## [Information shown]

_ _ _ _

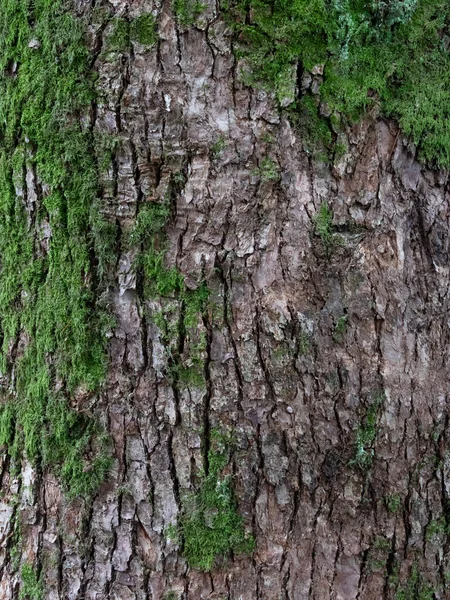 Corteccia Albero Con Muschio Verde Primo Piano Sfondo Consistenza — Foto Stock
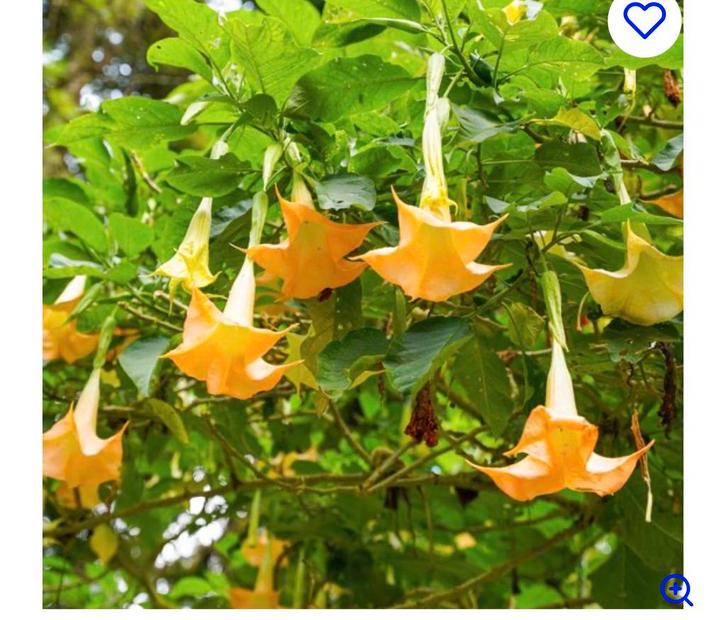 Brugmansia (Engelenbrug) - Bijzondere kuipplant, Tuin en Terras, Planten | Tuinplanten, Vaste plant, Overige soorten, Volle zon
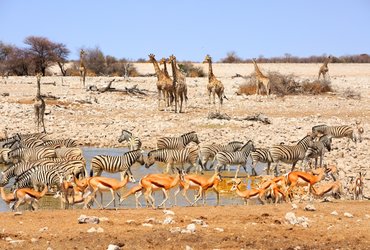 UJETA LEPOTA NAMIBIJE <em>Foto: © Arhiv Vagant</em>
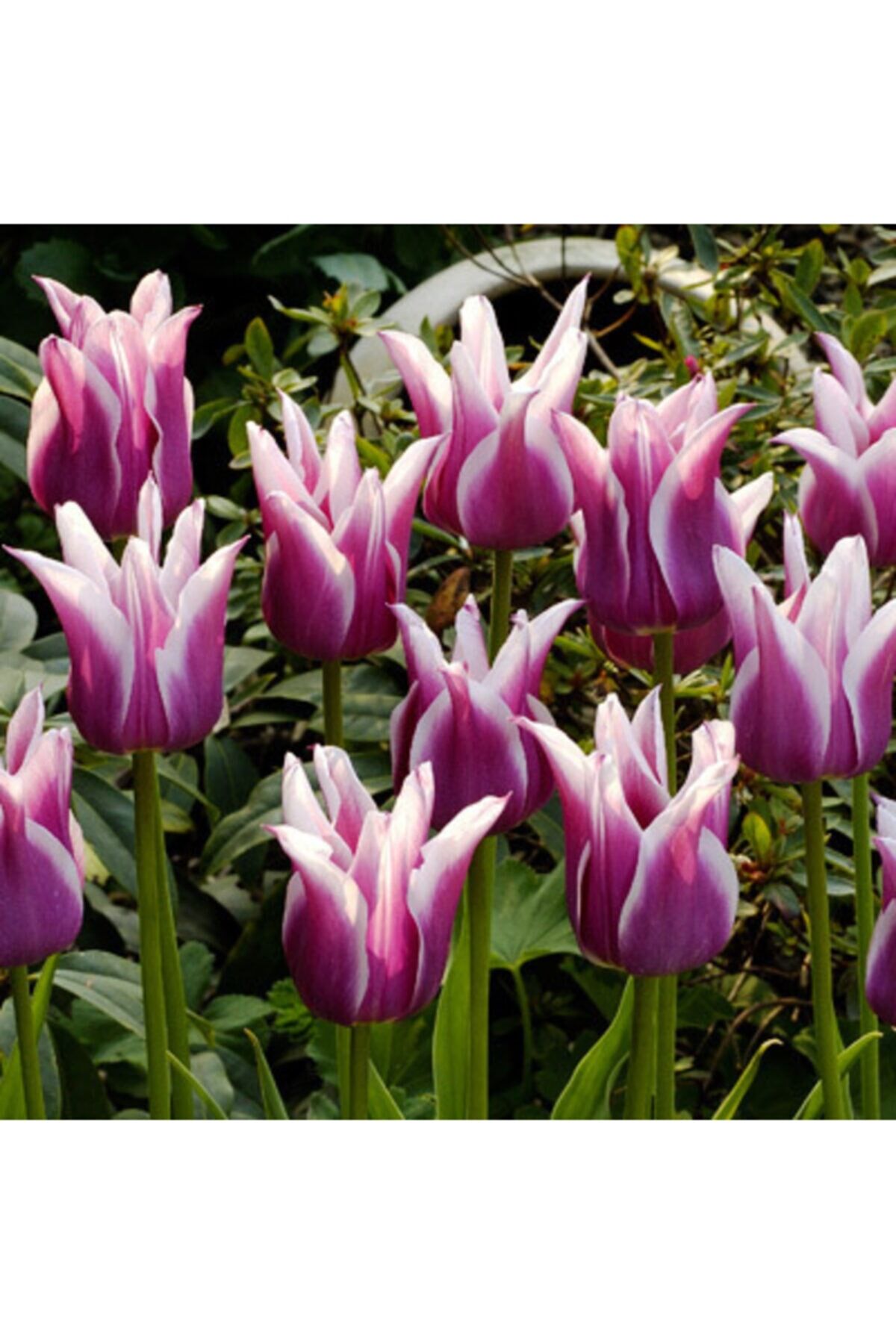 5 Adet Claudia Tulip Ithal Lale Çiçeği Soğanı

_ _ _ _

## [Problem requirements]
The data above, line by line: transcribe it exactly and drop the pictures.

## [Answer to this exercise]
 Corteccia Albero Con Muschio Verde Primo Piano Sfondo Consistenza — Foto Stock
 Brugmansia (Engelenbrug) - Bijzondere kuipplant, Tuin en Terras, Planten | Tuinplanten, Vaste plant, Overige soorten, Volle zon
 UJETA LEPOTA NAMIBIJE <em>Foto: © Arhiv Vagant</em>
 5 Adet Claudia Tulip Ithal Lale Çiçeği Soğanı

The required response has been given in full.